→ What this task involves:
The lines to repeat are those below from the one containing "Bloemen blouse in" down to the one containing "Aerie Navy Blue", both included; reproduce them exactly and nothing else.

Data records:

▼

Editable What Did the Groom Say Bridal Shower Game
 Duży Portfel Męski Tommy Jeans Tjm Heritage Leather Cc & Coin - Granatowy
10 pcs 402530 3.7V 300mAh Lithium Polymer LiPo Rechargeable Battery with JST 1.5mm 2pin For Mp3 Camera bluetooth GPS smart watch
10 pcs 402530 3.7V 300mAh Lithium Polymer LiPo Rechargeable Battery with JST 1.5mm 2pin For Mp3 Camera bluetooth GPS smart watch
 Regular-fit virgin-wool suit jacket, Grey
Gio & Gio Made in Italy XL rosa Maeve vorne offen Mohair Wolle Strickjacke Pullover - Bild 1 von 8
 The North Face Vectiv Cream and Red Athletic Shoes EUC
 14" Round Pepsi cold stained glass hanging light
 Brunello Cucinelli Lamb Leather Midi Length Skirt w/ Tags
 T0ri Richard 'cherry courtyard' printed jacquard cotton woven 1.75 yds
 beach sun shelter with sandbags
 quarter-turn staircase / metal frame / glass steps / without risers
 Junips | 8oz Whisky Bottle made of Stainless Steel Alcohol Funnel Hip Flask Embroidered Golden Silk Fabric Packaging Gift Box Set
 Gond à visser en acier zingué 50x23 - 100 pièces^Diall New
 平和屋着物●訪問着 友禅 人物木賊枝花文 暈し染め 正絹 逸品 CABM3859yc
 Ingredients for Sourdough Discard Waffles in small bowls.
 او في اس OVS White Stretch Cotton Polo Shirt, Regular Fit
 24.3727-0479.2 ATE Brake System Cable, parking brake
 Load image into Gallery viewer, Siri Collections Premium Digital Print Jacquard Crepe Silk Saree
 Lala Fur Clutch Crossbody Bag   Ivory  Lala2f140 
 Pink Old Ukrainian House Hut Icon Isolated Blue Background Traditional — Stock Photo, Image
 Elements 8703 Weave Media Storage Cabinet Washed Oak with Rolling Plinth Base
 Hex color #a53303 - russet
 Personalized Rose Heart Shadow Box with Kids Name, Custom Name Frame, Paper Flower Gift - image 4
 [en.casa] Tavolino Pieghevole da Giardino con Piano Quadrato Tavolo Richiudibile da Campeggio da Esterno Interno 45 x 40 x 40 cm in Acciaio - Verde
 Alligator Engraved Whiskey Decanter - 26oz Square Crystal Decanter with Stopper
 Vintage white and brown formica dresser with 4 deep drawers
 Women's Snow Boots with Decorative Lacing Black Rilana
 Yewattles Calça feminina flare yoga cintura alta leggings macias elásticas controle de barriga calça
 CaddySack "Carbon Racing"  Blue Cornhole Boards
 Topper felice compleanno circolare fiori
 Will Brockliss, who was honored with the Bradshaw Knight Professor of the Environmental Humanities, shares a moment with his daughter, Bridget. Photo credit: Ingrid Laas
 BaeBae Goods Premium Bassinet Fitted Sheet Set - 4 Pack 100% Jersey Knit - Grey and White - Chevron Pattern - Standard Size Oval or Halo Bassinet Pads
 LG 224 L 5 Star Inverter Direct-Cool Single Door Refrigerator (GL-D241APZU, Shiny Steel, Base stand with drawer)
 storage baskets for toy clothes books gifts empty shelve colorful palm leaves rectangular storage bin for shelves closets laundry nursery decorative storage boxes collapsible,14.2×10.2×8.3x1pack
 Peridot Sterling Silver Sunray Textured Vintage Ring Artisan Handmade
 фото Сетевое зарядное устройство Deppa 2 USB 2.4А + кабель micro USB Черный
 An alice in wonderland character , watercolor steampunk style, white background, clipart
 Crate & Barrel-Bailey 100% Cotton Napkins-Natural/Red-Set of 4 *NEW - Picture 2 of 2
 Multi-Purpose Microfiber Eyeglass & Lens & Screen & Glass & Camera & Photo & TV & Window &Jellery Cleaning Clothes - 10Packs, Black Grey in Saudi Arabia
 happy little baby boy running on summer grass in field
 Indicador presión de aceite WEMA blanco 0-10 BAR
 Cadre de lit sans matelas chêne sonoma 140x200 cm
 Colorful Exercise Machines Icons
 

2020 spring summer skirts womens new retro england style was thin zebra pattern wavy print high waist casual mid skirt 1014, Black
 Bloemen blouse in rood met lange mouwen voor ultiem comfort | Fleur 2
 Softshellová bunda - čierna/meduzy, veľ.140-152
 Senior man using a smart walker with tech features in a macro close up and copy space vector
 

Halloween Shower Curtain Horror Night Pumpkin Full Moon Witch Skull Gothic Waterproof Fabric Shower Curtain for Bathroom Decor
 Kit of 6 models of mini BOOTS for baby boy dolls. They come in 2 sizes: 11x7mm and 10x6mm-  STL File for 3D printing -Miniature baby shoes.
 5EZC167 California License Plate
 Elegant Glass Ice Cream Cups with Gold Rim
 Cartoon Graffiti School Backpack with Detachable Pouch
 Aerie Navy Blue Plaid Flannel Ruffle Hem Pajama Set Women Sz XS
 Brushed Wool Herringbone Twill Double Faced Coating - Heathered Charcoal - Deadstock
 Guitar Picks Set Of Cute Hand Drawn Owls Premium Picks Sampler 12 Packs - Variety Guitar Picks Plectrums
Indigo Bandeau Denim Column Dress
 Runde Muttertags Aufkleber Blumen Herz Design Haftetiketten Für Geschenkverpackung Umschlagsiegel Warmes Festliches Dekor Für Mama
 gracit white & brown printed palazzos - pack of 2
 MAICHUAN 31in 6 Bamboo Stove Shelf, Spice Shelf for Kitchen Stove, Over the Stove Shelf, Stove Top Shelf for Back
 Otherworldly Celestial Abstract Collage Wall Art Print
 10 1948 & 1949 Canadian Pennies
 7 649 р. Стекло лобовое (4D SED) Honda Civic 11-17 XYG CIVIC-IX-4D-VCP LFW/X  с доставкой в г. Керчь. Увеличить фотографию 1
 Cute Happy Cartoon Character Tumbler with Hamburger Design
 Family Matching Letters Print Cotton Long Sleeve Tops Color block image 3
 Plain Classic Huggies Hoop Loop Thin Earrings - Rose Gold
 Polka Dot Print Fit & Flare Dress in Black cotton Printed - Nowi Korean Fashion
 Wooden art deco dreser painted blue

▲

→ Written answer:
 Bloemen blouse in rood met lange mouwen voor ultiem comfort | Fleur 2
 Softshellová bunda - čierna/meduzy, veľ.140-152
 Senior man using a smart walker with tech features in a macro close up and copy space vector
 

Halloween Shower Curtain Horror Night Pumpkin Full Moon Witch Skull Gothic Waterproof Fabric Shower Curtain for Bathroom Decor
 Kit of 6 models of mini BOOTS for baby boy dolls. They come in 2 sizes: 11x7mm and 10x6mm-  STL File for 3D printing -Miniature baby shoes.
 5EZC167 California License Plate
 Elegant Glass Ice Cream Cups with Gold Rim
 Cartoon Graffiti School Backpack with Detachable Pouch
 Aerie Navy Blue Plaid Flannel Ruffle Hem Pajama Set Women Sz XS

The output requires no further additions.